The Ravenscar profile and the SPARK dialect are subsets of Ada, the latter of which strongly focuses on contracts. Over time features from these subsets have been absorbed into the main language specification.
Programming with Ada today
The ANSI certified the Ada 83 specification in 1983; Intel’s 80286 had just been released and Motorola’s 68000 was still only four years old. It was the dawn of home computers, but it was also the awkward transition of the 1970s into the 1980s, when microcontrollers were becoming more popular. Think of the Intel 8051 and its amazing 4 kB EPROM and 128 bytes of RAM.
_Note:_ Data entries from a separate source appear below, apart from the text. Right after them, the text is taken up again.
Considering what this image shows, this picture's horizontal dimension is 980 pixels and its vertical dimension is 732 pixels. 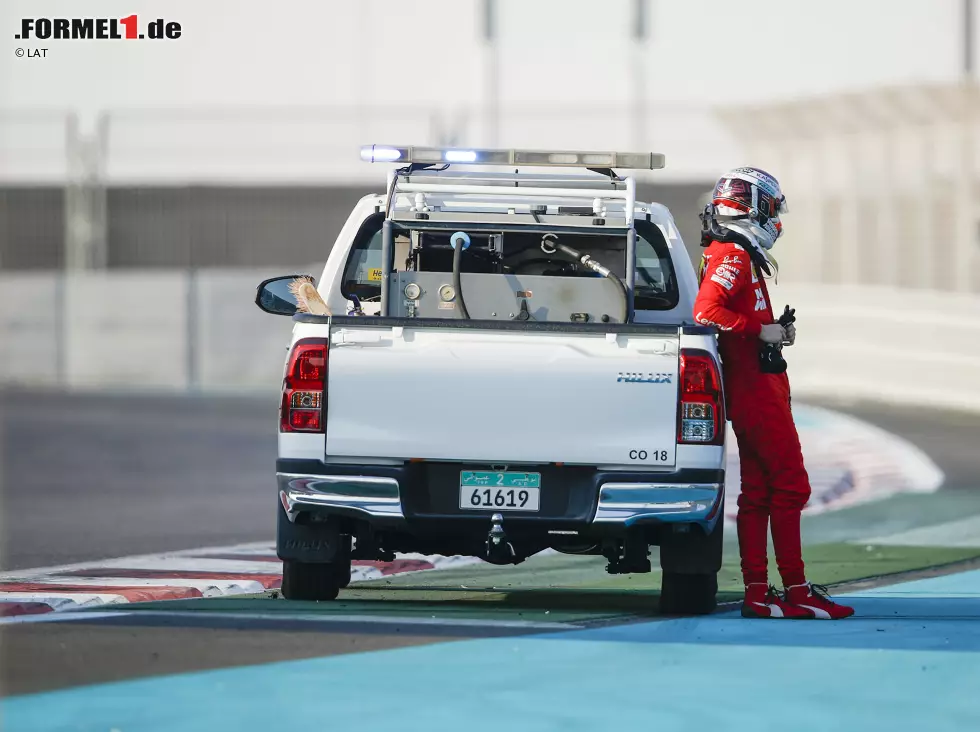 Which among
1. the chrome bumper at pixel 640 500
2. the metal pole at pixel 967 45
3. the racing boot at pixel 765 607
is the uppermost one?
the metal pole at pixel 967 45

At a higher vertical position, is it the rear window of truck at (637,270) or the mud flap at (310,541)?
the rear window of truck at (637,270)

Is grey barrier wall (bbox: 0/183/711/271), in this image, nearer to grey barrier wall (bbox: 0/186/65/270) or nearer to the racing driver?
grey barrier wall (bbox: 0/186/65/270)

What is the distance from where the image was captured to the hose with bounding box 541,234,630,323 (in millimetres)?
10289

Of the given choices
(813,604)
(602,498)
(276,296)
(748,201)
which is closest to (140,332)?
(276,296)

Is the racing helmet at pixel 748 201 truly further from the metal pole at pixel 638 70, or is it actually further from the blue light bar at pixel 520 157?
the metal pole at pixel 638 70

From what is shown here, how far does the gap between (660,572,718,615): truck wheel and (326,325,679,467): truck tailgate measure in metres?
0.75

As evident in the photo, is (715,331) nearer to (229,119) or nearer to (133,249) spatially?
(229,119)

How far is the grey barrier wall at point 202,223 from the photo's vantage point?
40.5 m

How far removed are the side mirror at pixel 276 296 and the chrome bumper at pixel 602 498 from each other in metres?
1.17

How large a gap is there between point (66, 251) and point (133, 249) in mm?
2309

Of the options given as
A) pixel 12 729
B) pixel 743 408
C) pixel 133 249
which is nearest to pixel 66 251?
pixel 133 249

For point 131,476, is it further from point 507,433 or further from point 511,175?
point 507,433

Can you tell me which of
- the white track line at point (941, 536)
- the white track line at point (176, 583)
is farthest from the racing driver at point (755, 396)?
the white track line at point (941, 536)

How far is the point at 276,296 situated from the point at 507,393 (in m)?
1.56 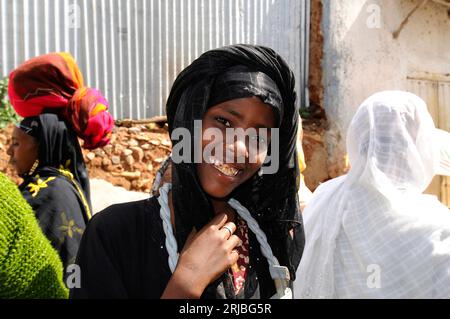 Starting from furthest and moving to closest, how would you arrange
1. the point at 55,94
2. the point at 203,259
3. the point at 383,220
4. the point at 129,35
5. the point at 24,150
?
the point at 129,35 < the point at 55,94 < the point at 24,150 < the point at 383,220 < the point at 203,259

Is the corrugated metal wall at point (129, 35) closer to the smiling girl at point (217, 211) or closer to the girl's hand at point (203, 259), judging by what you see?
the smiling girl at point (217, 211)

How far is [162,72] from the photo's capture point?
6.00 metres

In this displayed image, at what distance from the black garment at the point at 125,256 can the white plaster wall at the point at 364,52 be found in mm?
6302

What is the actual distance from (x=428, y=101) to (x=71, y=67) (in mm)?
7138

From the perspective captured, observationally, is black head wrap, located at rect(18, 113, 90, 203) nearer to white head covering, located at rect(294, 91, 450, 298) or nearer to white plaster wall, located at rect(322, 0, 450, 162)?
white head covering, located at rect(294, 91, 450, 298)

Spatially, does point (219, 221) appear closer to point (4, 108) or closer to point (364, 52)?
point (4, 108)

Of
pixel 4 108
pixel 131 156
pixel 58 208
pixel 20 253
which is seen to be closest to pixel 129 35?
pixel 131 156

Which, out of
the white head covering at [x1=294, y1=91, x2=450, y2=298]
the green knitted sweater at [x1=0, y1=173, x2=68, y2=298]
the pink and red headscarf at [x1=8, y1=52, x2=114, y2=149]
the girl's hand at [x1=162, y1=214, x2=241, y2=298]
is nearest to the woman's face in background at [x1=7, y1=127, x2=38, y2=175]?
the pink and red headscarf at [x1=8, y1=52, x2=114, y2=149]

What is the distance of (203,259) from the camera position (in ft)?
4.02

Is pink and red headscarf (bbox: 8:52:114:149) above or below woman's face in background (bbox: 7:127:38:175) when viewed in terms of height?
above

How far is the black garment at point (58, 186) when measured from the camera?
92.7 inches

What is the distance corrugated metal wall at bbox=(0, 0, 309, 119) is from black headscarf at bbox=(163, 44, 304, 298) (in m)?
4.29

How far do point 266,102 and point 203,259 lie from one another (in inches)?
18.3

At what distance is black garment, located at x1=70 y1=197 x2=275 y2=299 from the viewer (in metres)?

Today’s popular microcontrollers are many times more powerful than what was available in 1983. You can grab any ARM, AVR, RISC-V, etc. MCU (or Lego Mindstorms NXT kit) and start developing for it just like you would any other C-based toolchain. Not surprisingly, the popular GNAT Ada compiler is built on GCC. An LLVM-based toolchain is also in the works, currently using the DragonEgg project.
There are two versions of the GCC-based Ada toolchain. The AdaCore version enjoys commercial support, but comes with some strings attached. The Free Software Foundation’s version is free, naturally, and has more or less feature parity with AdaCore.
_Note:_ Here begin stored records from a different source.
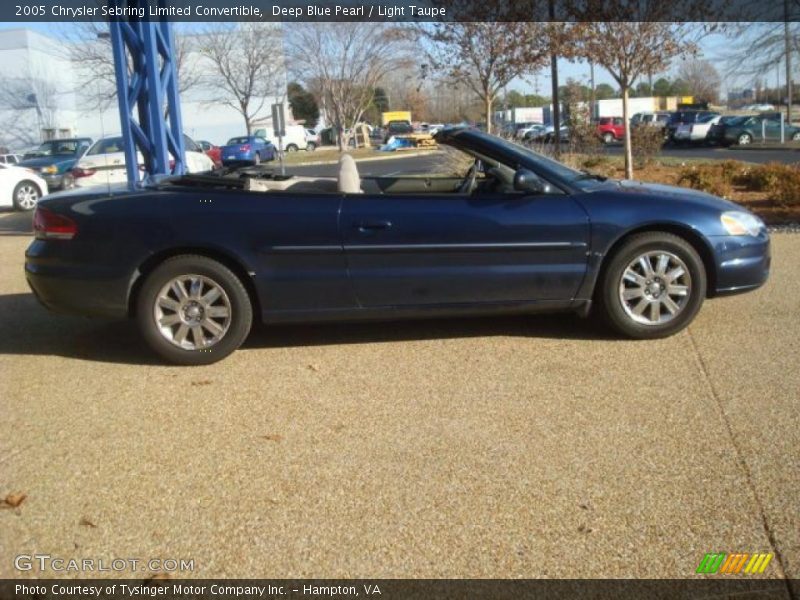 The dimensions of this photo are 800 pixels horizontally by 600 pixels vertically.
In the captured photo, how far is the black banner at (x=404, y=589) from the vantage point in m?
2.65

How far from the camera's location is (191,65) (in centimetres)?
4478

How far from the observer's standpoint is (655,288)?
5.33 m

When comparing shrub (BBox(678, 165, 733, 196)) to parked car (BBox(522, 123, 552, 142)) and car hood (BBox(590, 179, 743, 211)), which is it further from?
car hood (BBox(590, 179, 743, 211))

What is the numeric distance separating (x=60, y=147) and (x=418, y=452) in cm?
2489

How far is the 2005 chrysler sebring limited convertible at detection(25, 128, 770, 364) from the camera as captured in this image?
5.09m

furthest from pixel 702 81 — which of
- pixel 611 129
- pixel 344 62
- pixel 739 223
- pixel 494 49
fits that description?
pixel 739 223

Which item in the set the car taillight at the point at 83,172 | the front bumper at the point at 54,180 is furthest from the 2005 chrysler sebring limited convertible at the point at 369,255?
the front bumper at the point at 54,180

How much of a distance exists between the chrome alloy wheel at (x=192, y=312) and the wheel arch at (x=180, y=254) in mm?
168

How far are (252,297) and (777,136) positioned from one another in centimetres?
3678

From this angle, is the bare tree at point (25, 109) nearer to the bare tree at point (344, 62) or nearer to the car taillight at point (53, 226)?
the bare tree at point (344, 62)

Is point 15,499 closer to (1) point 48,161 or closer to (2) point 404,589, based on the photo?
(2) point 404,589

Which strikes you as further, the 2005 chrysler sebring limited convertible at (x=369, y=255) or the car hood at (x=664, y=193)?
the car hood at (x=664, y=193)

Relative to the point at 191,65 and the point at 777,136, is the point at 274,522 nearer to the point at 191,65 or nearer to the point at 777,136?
the point at 777,136

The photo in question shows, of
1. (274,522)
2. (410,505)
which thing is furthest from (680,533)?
(274,522) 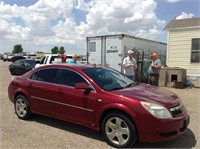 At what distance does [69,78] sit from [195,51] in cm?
1088

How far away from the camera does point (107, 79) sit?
563 cm

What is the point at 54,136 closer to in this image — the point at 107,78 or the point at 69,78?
the point at 69,78

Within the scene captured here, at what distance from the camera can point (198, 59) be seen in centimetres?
1475

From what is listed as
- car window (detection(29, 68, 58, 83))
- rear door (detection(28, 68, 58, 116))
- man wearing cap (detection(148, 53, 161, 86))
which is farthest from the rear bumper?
man wearing cap (detection(148, 53, 161, 86))

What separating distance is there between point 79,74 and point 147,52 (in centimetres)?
1230

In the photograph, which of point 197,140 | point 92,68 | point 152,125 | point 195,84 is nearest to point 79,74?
point 92,68

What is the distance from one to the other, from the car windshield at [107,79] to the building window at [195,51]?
9882 millimetres

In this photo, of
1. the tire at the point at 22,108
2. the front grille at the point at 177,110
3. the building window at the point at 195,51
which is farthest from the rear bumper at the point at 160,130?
the building window at the point at 195,51

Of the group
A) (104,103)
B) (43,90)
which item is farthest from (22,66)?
(104,103)

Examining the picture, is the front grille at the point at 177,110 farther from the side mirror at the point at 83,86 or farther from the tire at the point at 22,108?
the tire at the point at 22,108

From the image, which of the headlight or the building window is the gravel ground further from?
the building window

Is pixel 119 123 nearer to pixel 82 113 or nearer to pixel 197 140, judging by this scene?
pixel 82 113

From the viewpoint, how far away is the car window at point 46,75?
20.0ft

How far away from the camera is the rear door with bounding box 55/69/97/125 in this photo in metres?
5.17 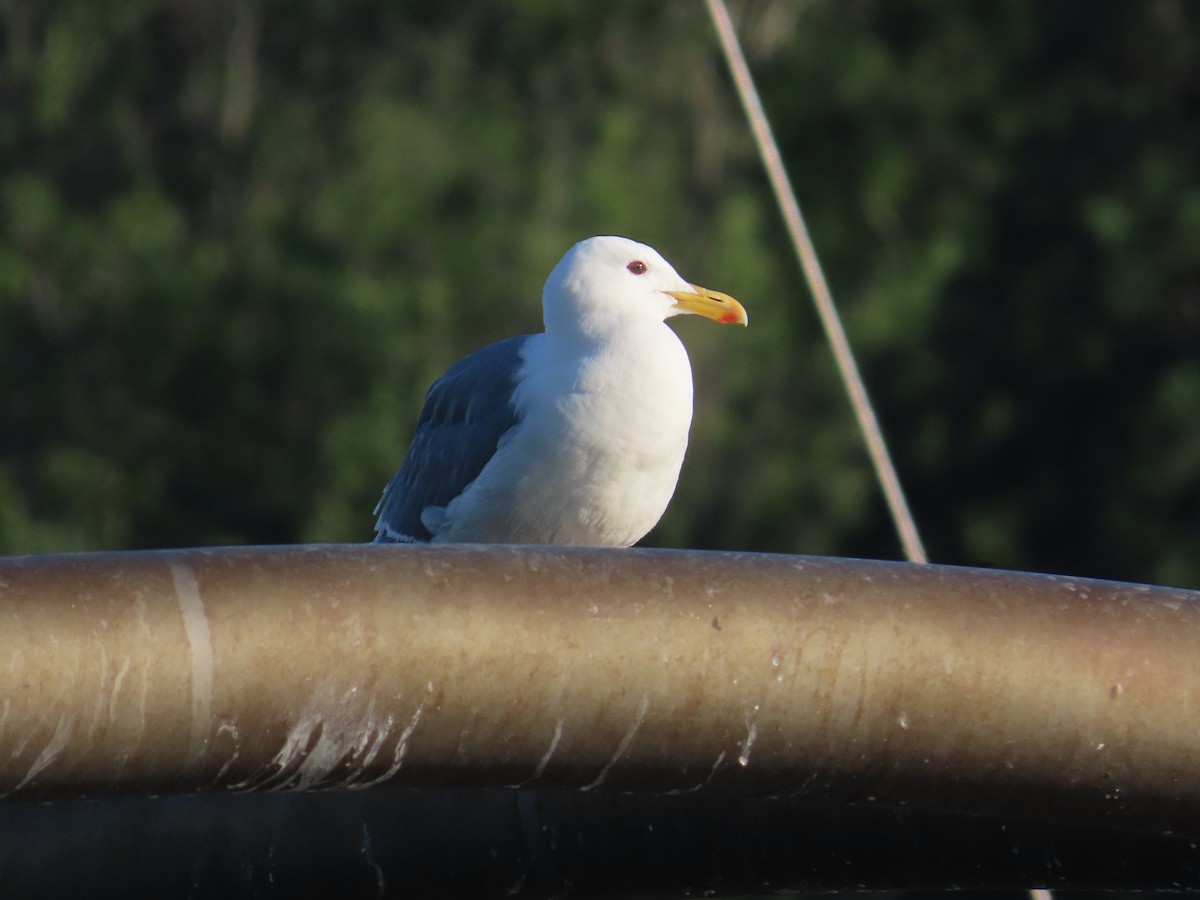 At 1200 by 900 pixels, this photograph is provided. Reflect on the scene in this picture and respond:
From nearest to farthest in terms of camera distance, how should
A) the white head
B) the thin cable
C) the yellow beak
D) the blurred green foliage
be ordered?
the white head, the yellow beak, the thin cable, the blurred green foliage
To get started quickly, you can either use the GNAT Programming Studio IDE (GPS) that comes with the AdaCore version of the GNAT toolchain (and on Github), or rough it with a text editor of  your choice and compile by hand, or cheat by writing Makefiles. The toolchain here is slightly more complicated than with C or C++, but made very easy by using the gnatmake utility that wraps the individual tools and basically works like GCC, so that it can be easily integrated into a build system.
The GNAT Programming Studio main interface.An example of a small, yet non-trivial, Ada project written by yours truly in the form of a command line argument parser can be found at its project page. You can find a Makefile that builds the project in the ada/ folder, which sets the folders where the Ada package specifications (.ads) and package bodies (.adb) files can be found.
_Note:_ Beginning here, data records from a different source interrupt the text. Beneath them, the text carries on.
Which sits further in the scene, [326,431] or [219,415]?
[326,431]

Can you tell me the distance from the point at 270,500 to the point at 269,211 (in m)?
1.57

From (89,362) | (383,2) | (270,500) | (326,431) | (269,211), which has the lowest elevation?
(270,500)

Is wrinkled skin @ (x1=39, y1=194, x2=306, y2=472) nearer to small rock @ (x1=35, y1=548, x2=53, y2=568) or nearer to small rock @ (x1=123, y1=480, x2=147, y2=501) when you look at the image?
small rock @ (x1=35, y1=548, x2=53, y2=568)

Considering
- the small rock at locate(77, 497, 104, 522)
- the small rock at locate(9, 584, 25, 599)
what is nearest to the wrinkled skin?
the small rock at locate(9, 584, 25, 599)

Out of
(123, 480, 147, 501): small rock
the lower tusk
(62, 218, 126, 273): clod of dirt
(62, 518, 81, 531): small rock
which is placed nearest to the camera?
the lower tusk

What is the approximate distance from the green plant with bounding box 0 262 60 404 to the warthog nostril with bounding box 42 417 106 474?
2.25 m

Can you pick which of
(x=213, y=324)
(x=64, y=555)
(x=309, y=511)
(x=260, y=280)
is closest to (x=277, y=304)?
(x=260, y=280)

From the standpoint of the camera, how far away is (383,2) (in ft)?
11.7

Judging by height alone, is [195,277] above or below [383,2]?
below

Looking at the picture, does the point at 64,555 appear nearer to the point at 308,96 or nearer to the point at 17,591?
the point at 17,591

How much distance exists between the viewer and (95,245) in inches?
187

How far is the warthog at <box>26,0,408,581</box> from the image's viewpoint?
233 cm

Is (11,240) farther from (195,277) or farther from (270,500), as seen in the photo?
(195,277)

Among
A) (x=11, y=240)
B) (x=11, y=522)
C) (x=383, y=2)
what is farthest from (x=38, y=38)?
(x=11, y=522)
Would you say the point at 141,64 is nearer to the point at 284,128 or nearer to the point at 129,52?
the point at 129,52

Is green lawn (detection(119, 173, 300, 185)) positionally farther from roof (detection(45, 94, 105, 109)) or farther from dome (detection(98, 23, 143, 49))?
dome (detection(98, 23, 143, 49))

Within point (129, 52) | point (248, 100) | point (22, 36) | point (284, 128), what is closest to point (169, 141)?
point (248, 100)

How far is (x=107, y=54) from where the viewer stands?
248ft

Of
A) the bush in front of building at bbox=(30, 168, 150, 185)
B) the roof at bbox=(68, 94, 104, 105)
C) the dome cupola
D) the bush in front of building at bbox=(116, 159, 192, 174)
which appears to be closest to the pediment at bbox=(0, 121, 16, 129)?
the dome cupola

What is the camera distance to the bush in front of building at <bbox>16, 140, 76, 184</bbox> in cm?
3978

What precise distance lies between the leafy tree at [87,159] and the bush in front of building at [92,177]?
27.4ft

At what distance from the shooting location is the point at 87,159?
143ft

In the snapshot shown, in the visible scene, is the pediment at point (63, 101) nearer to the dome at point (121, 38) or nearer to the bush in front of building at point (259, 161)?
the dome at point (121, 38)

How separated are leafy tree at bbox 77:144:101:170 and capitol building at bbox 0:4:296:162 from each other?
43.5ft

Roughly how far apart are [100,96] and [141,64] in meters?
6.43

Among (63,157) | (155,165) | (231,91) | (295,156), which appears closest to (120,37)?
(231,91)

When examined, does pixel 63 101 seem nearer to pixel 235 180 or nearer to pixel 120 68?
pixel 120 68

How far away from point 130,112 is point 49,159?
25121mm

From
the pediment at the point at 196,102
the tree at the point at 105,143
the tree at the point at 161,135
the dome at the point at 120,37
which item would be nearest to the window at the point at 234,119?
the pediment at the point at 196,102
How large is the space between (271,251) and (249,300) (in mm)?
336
These files roughly correspond to header and source files in C and C++, but with some important differences. Unlike C, Ada does not have a preprocessor and does not merge source and header files to create compile units. Instead, the name of the package specified in the specification is referenced, along with its interface. Here the name of the .ads file does not need to match the name of the package either. This provides a lot of flexibility and prevents the all too common issues in C where one can get circular dependencies or need to include header files in a particular order.
Where to go from here
After grabbing the GNAT toolchain, firing up GPS or Vim/Emacs, and staring at the blinking cursor on an empty page for a while, you might wonder how to get started. Fortunately we recently covered this project which had an Ada-based project running on a PicoRV32 RISC-V core. This uses the common ICE40LP8K CPLD that is supported by open-source FPGA toolchains, including Yosys.
Ada running on a RISC-V core, driving LEDs.Introductions and references for the language itself are found as a simple introduction for Java  and C++ developers (PDF), the AdaCore basic reference, a reference over at WikiBooks, and of course ‘Programming in Ada 2012‘ in dead-tree format for those who like that little bit of extra heft. It is probably the most complete reference beyond diving into the 2012 Ada Language Reference Manual (LRM) and its glorious 945 pages.
While still quite a bit of a rarity in hobbyist circles, Ada is a fully open language with solid, commercially supported toolchains that are used to write software for anything from ICBM and F-15 avionics to firmware for medical devices. Although a fairly sprawling language beyond the core features, it should definitely be on the list of languages you have used in a project, if only because of how cool it looks on your resume.